- [Work instruction] The copy should begin at the line containing "Milwaukee Weather Outdoor" and end with the last line below, every line exact and no picture included.
##########
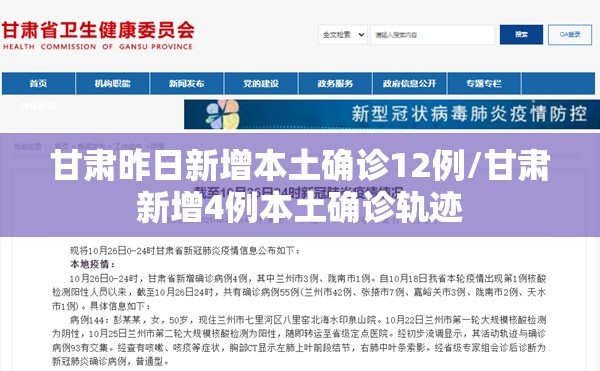 甘肃昨日新增本土确诊12例/甘肃新增4例本土确诊轨迹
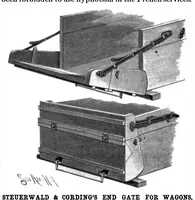 An illustration from Scientific American, Vol. 62, No. 14 (April 1890) (1890)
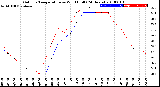 Milwaukee Weather Outdoor Temperature<br>vs Wind Chill<br>(24 Hours)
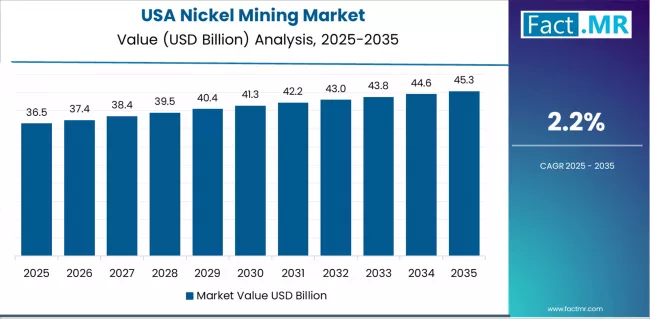 Nickel Mining Market Country Value Analysis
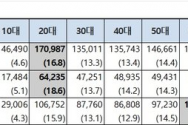 국민건강보험공단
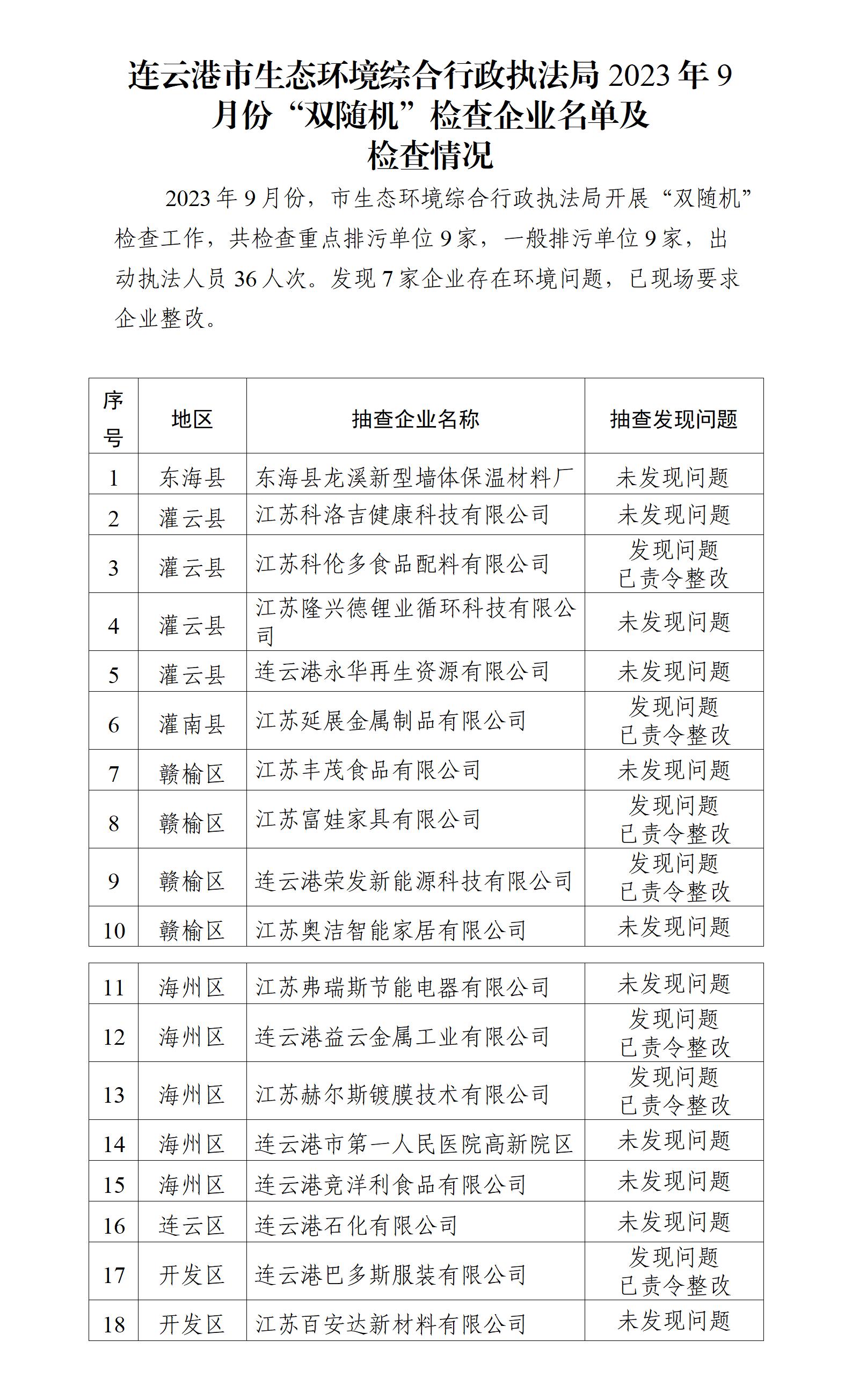 市生态环境综合行政执法局2023年9月份“双随机”检查企业名单及检查情况.jpg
##########
- [Exercise answer]
 Milwaukee Weather Outdoor Temperature<br>vs Wind Chill<br>(24 Hours)
 Nickel Mining Market Country Value Analysis
 국민건강보험공단
 市生态环境综合行政执法局2023年9月份“双随机”检查企业名单及检查情况.jpg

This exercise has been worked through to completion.